11. Whether or not the Chernukhin Parties are entitled to contend that the issue of the identity of the First Respondent, i.e. whether or not he could be regarded as a plaintiff, took up much of the application it was certainly the principal focus of the judgment and I note that of the 14 pages dealing with the parties central arguments on security for costs, approximately one half of that part of the judgment (paragraphs 67 to 78) exclusively concerns consideration of whether or not the First Respondent really was a "plaintiff" as contended, ultimately unsuccessfully, by the Chernukhin Parties.
12. Further, although absent this finding I should have ordered that security for costs be provided (paragraph 78 of the June Decision), it is not correct to suggest that overall the First Respondent failed on all the other arguments he advanced as that is simply incorrect. Nonetheless there were arguments advanced by the First Respondent that did not succeed - for example the alleged impediments in granting security presented by the issue of OFAC consent referred to at paragraph 66 of the June Decision.
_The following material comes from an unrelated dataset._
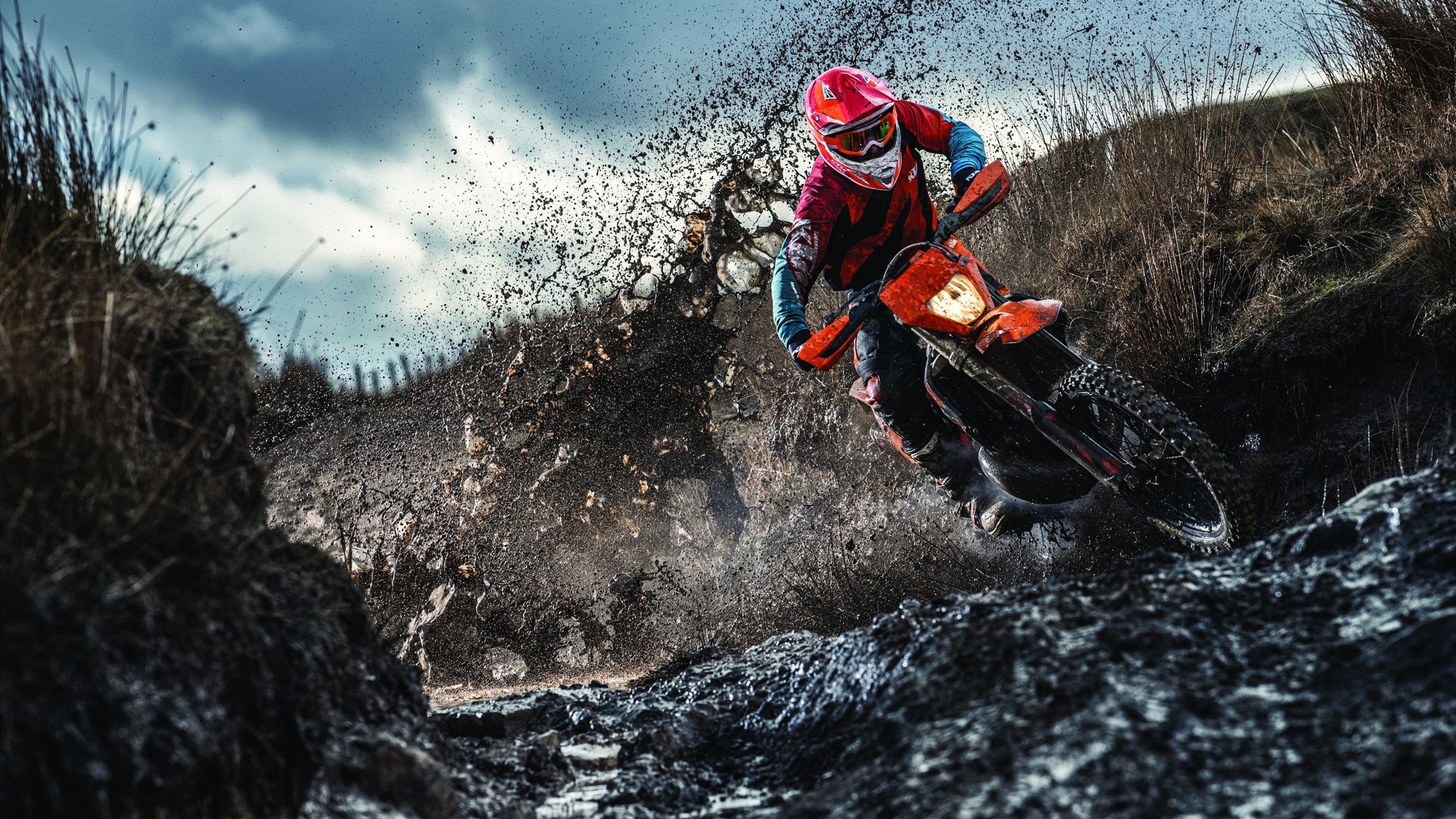 双城记,浓眉德甲封神夜,华南虎险境啸山林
13. As to the criticisms made on behalf of the First Respondent in the skeleton argument filed on his behalf which support the assertion that this is a case where indemnity costs ought to be awarded, I do not think it is necessary for me to analyse each and every allegation. Some of the assertions made have merit - for example the complaint made about the claims for costs advanced by the Chernukhin Parties - but most of the complaints are common features of closely fought commercial litigation. Accordingly the complaints collectively are not such that it would be proper for me to find that the Chernukhin Parties have been guilty of "unreasonableness", which is the necessary threshold finding for the purpose of awarding indemnity costs.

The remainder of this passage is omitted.